# The best volume calculator!



## otter (Oct 22, 2005)

This calculator is excellent! It does every shape imagineable.

http://home.comcast.net/~jdieck1/volcalc.html

Dan O


----------



## krazykidd86 (Jul 27, 2005)

great find. I like it. 

Thanks! roud:

the KK


----------



## Jdinh04 (Mar 15, 2004)

Nice, its great becuase it can calculate different types of tank and not jus the standard rectangluar one.


----------



## jmelnek (Dec 20, 2004)

Nice find... Finally one that actually looks accurate.


----------



## Livebearer101 (Feb 7, 2006)

It looks abit too complex for some people, its kind of all over the place.
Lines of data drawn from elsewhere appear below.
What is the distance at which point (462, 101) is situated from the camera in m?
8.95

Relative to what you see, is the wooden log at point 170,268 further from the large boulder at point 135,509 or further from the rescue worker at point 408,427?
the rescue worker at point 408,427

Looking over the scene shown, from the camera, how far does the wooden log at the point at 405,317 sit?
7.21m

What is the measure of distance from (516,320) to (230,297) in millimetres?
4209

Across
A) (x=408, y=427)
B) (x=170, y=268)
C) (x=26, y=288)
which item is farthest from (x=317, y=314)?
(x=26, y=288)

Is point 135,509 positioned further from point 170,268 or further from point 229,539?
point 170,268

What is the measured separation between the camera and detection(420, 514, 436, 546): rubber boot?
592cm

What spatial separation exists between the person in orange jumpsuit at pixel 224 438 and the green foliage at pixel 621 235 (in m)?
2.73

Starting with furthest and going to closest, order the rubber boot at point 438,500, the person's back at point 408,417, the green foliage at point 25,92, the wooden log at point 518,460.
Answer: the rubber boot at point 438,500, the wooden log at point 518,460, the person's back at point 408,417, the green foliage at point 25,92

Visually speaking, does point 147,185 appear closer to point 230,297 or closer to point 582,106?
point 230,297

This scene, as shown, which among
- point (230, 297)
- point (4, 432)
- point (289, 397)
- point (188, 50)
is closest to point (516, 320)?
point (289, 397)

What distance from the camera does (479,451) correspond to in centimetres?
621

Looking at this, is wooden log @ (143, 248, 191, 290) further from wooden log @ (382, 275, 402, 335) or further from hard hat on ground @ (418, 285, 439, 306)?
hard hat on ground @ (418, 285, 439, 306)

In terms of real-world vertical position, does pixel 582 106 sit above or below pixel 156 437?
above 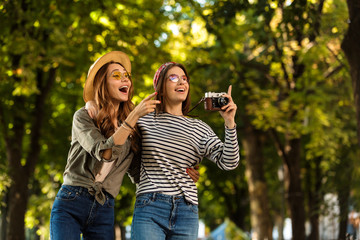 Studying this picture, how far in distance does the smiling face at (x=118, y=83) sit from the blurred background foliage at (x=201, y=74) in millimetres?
5235

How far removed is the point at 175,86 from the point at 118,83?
432 mm

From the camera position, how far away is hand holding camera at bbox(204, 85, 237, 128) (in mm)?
4238

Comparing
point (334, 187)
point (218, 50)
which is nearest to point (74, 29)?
point (218, 50)

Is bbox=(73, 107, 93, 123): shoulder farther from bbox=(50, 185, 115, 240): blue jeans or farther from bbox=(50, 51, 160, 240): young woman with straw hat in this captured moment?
bbox=(50, 185, 115, 240): blue jeans

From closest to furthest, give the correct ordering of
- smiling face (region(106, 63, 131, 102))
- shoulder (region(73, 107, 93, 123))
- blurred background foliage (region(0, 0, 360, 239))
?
shoulder (region(73, 107, 93, 123)), smiling face (region(106, 63, 131, 102)), blurred background foliage (region(0, 0, 360, 239))

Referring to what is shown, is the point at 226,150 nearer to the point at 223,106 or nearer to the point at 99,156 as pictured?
the point at 223,106

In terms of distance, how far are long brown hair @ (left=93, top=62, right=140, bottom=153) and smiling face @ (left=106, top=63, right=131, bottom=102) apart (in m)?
0.03

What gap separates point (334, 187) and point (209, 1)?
959cm

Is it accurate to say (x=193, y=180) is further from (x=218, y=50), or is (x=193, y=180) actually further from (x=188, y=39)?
(x=188, y=39)

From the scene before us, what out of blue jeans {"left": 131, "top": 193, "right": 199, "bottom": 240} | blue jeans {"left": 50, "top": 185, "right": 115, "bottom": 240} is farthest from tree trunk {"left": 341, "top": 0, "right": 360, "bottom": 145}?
blue jeans {"left": 50, "top": 185, "right": 115, "bottom": 240}

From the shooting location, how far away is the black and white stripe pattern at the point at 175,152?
424 cm

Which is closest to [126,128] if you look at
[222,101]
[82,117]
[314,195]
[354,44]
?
[82,117]

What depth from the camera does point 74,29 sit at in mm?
13586

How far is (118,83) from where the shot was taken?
177 inches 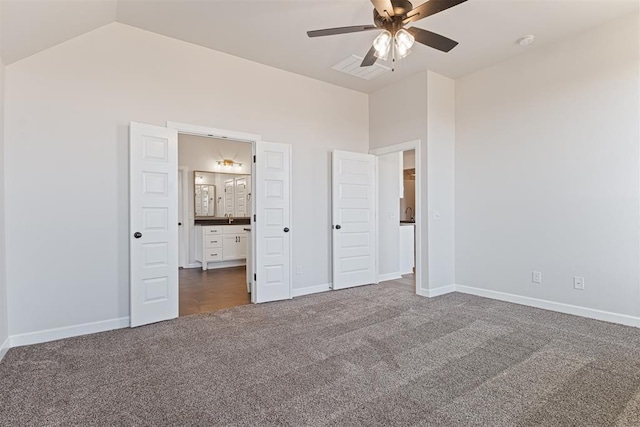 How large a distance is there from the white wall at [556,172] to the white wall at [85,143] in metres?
3.32

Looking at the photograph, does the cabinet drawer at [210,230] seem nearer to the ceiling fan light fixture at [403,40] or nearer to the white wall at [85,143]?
the white wall at [85,143]

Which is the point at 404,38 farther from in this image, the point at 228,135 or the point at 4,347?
the point at 4,347

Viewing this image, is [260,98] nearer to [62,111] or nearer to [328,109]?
[328,109]

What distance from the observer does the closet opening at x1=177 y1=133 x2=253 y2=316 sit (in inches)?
261

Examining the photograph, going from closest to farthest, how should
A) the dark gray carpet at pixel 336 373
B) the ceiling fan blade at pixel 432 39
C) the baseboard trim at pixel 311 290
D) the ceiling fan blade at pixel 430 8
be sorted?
the dark gray carpet at pixel 336 373 < the ceiling fan blade at pixel 430 8 < the ceiling fan blade at pixel 432 39 < the baseboard trim at pixel 311 290

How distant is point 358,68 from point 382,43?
1.82m

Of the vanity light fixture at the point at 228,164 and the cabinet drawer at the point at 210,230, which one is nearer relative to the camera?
the cabinet drawer at the point at 210,230

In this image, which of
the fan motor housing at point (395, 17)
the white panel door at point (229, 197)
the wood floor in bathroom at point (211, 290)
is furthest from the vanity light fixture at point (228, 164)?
the fan motor housing at point (395, 17)

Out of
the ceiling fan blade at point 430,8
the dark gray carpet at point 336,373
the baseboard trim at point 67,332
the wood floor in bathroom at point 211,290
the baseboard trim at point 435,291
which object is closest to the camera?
the dark gray carpet at point 336,373

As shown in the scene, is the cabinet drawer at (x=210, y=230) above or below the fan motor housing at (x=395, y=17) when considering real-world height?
below

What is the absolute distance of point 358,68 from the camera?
4355 millimetres

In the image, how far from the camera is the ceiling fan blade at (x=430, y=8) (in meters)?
2.15

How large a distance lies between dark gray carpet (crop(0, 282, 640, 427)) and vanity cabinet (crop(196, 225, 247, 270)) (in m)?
3.28

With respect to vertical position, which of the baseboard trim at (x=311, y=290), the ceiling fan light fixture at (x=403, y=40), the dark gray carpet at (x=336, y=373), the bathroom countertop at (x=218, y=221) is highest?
the ceiling fan light fixture at (x=403, y=40) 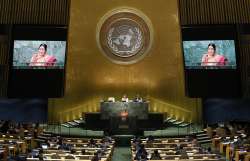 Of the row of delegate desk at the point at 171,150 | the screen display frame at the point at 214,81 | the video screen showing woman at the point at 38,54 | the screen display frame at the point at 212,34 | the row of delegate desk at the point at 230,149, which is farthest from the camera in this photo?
the video screen showing woman at the point at 38,54

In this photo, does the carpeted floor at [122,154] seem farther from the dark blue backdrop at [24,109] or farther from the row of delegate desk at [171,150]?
the dark blue backdrop at [24,109]

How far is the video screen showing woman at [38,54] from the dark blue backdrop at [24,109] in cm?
243

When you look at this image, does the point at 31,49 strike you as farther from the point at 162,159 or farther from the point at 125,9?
the point at 162,159

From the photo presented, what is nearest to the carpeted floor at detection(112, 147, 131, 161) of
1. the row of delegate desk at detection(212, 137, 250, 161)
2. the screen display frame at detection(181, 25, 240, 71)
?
the row of delegate desk at detection(212, 137, 250, 161)

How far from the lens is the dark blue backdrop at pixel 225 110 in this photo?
20.7 metres

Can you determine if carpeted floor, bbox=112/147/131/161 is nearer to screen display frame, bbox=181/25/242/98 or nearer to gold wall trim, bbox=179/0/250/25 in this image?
screen display frame, bbox=181/25/242/98

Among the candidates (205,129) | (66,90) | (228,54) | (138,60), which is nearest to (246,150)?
(205,129)

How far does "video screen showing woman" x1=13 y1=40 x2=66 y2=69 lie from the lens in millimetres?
20500

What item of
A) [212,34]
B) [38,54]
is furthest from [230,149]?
[38,54]

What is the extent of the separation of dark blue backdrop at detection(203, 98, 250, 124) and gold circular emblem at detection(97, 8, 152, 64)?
190 inches

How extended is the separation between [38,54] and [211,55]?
9.43 meters

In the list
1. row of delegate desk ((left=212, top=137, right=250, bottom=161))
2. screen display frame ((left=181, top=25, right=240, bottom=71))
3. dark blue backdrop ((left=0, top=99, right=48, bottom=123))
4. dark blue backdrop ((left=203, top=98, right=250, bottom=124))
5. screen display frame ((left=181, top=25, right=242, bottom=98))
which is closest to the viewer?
row of delegate desk ((left=212, top=137, right=250, bottom=161))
For one you can understand, click this

http://animal-world.com/encyclo/information/calculate.htm


----------



## fingerlikin (Mar 3, 2006)

Here's another

http://winecountrydiscus.com/conversions/ :wink:


----------



## Ransom (Mar 3, 2006)

otter said:


> It does every shape imagineable.


I didn't see stretch hex or wave on any of these yet


----------



## otter (Oct 22, 2005)

Ransom said:


> I didn't see stretch hex or wave on any of these yet


True, I bet you could get real close if you divided the wave into two sections, and used the convex option, and the bowfront option and added them together... what's a "stretch hex"?


----------